Türkiye Diyanet ve Vakıf Çalanları Sendikası (Din-Bir-Sen) Genel Başkanı Lütfü Şenocak, sendika olarak “İsrail vahşetine karşı insanları Hz. Musa gibi davranmaya çağırıyor” başlıklı bir eylem başlattıklarını belirterek, “Eylemle; tüm insanlar ve yüreğinde Mescid-i Aksa sevgisini hisseden tüm Müslümanlar, Filistin’de insanlığın onurunu ve kutsallarını koruyan direnişçilerin zulmü bertaraf etmede güç ve galibiyeti için duaya, insanlığın onurunu ayaklar altına alan, kendi peygamberlerine bile zulmü, ihaneti ve nankörlüğü reva gören Siyonistlere, ‘modern firavunlara’ karşı da Hz. Musa’nın beddua ettiği gibi bedduaya katılmaya davet ediyor” diye konuştu.
Yeni Asya Gazetesi Ankara Bürosu’nu ziyaret eden Din-Bir-Sen Genel Başkanı Lütfi Şenocak ve Din-Bir-Sen Genel İdari ve Mali Sekreteri Mehmet Çelik, Ankara Temsilcisi Mehmet Kara’yla görüştü. Görüşmede eylem hakkında bilgi veren Şenocak, İsrail’in bütün insanlığın gözü önünde Mescid-i Aksa'ya saldırdığını ve Filistinli Müslümanlara eziyet ettiğini belirterek, “İsrail vicdanında insanlık onuru taşıyan tüm dünya milletleri tarafından yalnız bırakılmalıdır. Dünya insanlık hukuku artık İsrail içinde işlemelidir. Bizler din görevlileri olarak, bizler adına orada insanlığın onurunu ve kutsallarımızı koruyan direnişçi kardeşlerimizin, zulmü bertaraf etmede güç ve galibiyet sahibi olmaları için duaya katılmaya çağırıyoruz” dedi.

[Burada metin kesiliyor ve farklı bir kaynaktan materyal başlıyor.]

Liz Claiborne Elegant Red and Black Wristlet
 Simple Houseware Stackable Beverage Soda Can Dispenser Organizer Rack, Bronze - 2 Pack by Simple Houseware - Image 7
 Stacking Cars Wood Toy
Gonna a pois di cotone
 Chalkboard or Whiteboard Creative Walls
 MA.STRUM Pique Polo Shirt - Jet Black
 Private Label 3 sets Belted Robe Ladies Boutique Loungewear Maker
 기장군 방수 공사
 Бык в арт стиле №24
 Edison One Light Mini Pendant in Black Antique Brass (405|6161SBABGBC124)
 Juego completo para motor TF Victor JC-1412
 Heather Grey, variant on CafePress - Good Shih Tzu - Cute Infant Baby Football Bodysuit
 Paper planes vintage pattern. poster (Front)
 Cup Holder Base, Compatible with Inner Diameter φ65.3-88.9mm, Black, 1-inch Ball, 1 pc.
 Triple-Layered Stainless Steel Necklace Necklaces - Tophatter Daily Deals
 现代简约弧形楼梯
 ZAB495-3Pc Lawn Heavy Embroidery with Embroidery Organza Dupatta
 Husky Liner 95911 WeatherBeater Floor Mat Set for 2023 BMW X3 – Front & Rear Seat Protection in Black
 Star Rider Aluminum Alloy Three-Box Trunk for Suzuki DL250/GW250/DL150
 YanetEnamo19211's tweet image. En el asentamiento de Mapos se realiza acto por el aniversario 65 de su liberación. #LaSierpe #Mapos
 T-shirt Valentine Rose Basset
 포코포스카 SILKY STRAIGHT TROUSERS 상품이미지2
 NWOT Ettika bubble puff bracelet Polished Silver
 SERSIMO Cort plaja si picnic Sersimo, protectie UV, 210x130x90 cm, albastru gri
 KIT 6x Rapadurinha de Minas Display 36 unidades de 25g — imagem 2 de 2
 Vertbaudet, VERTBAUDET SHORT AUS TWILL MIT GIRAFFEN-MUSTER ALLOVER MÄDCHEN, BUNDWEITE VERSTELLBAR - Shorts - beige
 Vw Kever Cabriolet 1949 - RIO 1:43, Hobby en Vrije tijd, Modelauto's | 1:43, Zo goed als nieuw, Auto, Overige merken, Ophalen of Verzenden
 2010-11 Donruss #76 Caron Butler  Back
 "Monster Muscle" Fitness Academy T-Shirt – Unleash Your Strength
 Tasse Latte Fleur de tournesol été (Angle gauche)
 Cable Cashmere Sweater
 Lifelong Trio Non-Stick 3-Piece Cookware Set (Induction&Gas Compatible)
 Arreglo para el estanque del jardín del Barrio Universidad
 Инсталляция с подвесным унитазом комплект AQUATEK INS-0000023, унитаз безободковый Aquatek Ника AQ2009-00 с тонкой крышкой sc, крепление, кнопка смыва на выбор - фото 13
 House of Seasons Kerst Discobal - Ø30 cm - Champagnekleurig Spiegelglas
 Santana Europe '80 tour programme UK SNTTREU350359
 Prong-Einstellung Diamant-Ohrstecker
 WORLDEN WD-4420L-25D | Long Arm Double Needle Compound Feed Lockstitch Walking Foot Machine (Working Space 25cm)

Camilere şefkat kutusu kurulmalı
Ziyaretinde camilerin medeniyet merkezi haline getirilmesi gerektiğini de söyleyen Şenocak, çocukların ve gençlerin camileri çekilmesi için her camide “şefkat kutuları” kurulması gerektiğini söyledi. Yaz Kur’ân kurslarına 28 Şubat’ta getirilen 12 yaş sınırlamasının kaldırılması için çalışmalar yapıldığını, hiç değilse bunun önümüzdeki yaz dönemine yetiştirilmesini gerektiğini söyleyen Şenoacak, “Nasıl çocuklar baleye, spora gidebiliyorsa Kur’ân öğretmek içinde camilere, yaz Kur’ân kurslarına gidebilmelidir” dedi.
Yaşanan manevî tahribatı önlemek için din görevlerine görev düşüyor
“Milleti ayakta tutan cemaatlerdir” diyen Lütfü Şenoacak, cemaatlerin yaptıkları hizmetlerin takdir ve teşvik edilmesi gerektiğini dile getirdi. Yetkisiz kişilerin televizyonlarda dinî program yapmaması gerektiğini vurgulayan Şenoacak, toplumda yaşanan manevî tahribatın önlenmesi gerektiğini, bunu da önlemek için din görevlilerine büyük görevler düştüğünü hiç kimsenin bu konuda nemelazımcı olamayacağını söyledi.
İlköğretim ve liselerde okutulan din dersi ve ahlâk bilgisi dersinin branşı olan ehil ve yetkili kişilerce verilmesini gerektiğini söyleyen Şenocak, eğer derslere girecek yeteri kadar branş öğretmeni yoksa Millî Eğitim Bakanlığı’nın Diyanet İşleri Başkanlığı ile protokol yapıp, ilahiyat mezunu din görevlilerinin derslere girmesinin sağlanması gerektiğini söyledi.
Sendika olarak cemaate ve imamlara yönelik seminerler düzenlediklerini de söyleyen Şenoacak, din görevlilerine yönelik Arapça kursları düzenleyeceklerini, bu çalışmalardaki amaçlarının ise din görevlileri ile toplumu bütünleştirmek olduğunu sözlerine ekledi.